- _Records for the task_

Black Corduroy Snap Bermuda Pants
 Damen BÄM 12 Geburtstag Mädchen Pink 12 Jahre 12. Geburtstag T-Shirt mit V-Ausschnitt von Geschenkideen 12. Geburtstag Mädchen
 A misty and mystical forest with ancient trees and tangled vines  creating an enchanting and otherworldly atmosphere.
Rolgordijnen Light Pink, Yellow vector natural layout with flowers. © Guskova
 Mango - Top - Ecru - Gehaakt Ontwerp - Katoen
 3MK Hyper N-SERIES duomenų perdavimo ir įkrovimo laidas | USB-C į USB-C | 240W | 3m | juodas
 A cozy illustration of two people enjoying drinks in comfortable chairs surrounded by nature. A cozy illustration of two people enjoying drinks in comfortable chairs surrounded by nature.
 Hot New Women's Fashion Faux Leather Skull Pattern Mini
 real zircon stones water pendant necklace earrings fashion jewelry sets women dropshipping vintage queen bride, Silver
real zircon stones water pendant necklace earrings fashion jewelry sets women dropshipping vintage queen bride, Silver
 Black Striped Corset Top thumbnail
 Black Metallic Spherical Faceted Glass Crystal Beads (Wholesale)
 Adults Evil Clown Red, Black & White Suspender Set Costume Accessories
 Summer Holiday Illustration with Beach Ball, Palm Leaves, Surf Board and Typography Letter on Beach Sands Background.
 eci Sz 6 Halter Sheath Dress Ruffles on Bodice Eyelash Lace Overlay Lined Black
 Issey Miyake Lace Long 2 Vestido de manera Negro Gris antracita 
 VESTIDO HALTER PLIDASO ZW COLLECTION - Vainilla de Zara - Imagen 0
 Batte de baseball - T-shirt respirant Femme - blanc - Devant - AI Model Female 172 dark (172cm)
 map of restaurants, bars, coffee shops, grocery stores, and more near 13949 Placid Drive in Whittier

- _What needs to be done_
Scan the data for lines containing "vintage" and copy all of them.

- _Answer to this problem_
 real zircon stones water pendant necklace earrings fashion jewelry sets women dropshipping vintage queen bride, Silver
real zircon stones water pendant necklace earrings fashion jewelry sets women dropshipping vintage queen bride, Silver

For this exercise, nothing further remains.